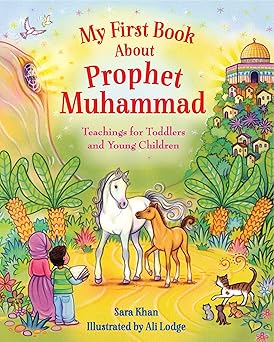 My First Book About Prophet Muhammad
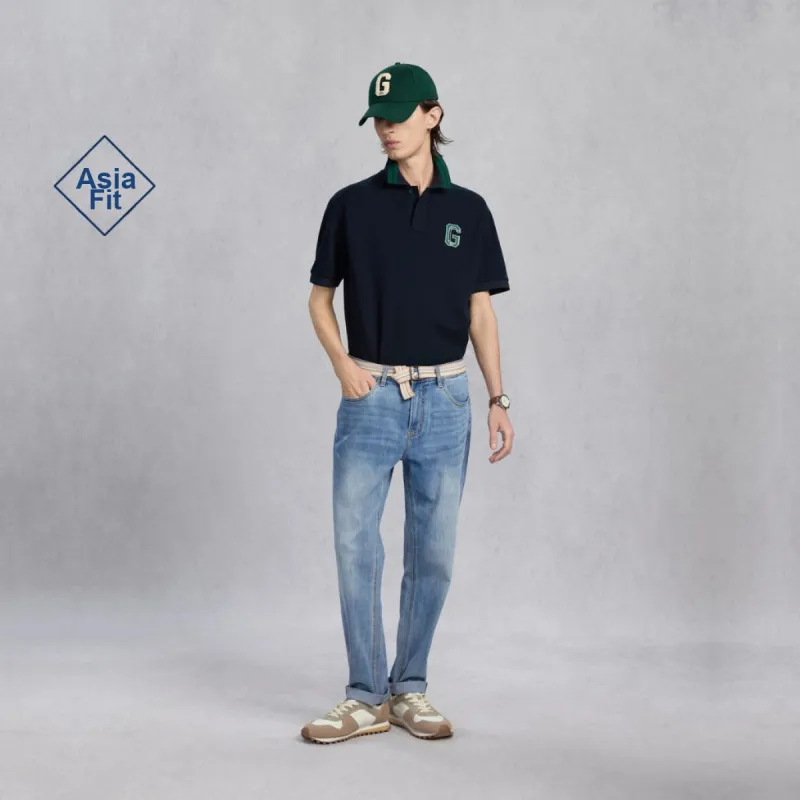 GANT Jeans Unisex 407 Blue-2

────────

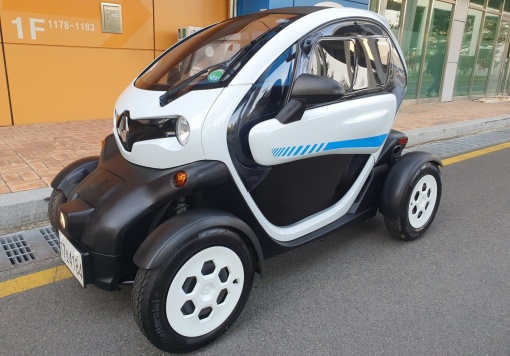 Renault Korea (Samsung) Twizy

────────

Task: All lines above starting at the one with "My First Book About Prophet Muhammad" and ending at the one with "GANT Jeans Unisex 407 Blue-2", inclusive, are to be printed again exactly, with the pictures left out.

Result of this exercise:
 My First Book About Prophet Muhammad
 GANT Jeans Unisex 407 Blue-2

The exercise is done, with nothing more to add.